Key here to the new museum curator’s role is the planning of temporary “ahistorical” exhibitions (Meijers 1996), often arranged thematically or contextually (Staniszewski 1998), in which the curator plays a role not unlike “author” of the exhibition (Heinich and Pollak 1989a). The exhibition is a way to validate the originality of the curator’s point of view, his or her aptitude for discovering new talents, and the artworks themselves by exhibiting them in a dialogue with each other to an initiated public (Octobre 1999). In contrast to the taxonomical or art historical approach to exhibiting traditional art, the exhibition process in modern and contemporary art is integral to the meaning of the art work (cf. Caillet et al. 2002; Ducret et al. 1990).

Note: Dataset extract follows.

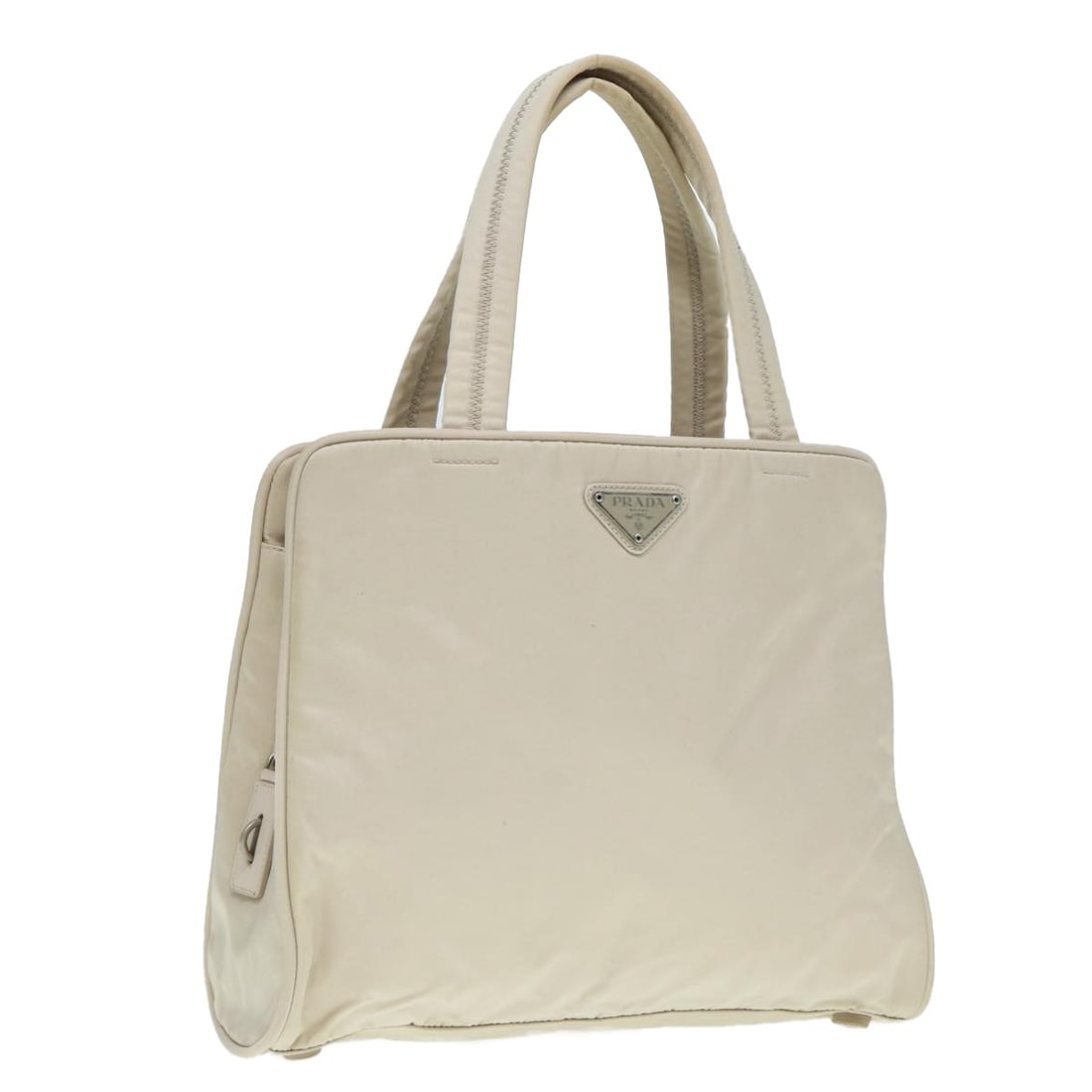 Prada Beige Nylon Women's Handbag with Silver Tone Accents: Prada Beige Nylon Women's Handbag with Silver Tone Accents This PRADA handbag is crafted from beige nylon with silver-tone accents, designed for women. Made in Italy, the bag features a structured sil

Significantly, the exhibition of contemporary art communicates the object by contributing another layer of meaning or interpretation to the artist’s original intention (Davallon 1999), which may be hazy to begin with. Practicing artists and performers have long recognized that artistic creation is an experimental and emergent process, involving input from traditions and intentionality as well as physical objects and spaces (Elkins 1999; Becker et al. 2006; Jarvis 2007). In contrast, as I will now examine in the following literature review, sociology has tended to see artistic mediation as distinct from the creative process, based on theories and guidelines rather than situated knowledge production.

Literature review

In their review of work in the sociological study of culture, Wuthnow and Witten (1988) describe two distinct views of culture as an “explicit” social construction and an “implicit” feature of social life. While the sociology of the arts continues to be driven in the main by the “explicit” conceptualization of culture as a recorded product or symbolic good, the specific study of the mediating activities surrounding explicit cultural forms is a window onto broader sociological conceptions of implicit culture (Acord and DeNora 2008). As demonstrated in this brief literature review, the study of knowledge production by mediators in art worlds (i.e., what informs curators’ decision-making) sheds light on how culture operates in general (i.e., to inform general patterns of individual and social meaning-making).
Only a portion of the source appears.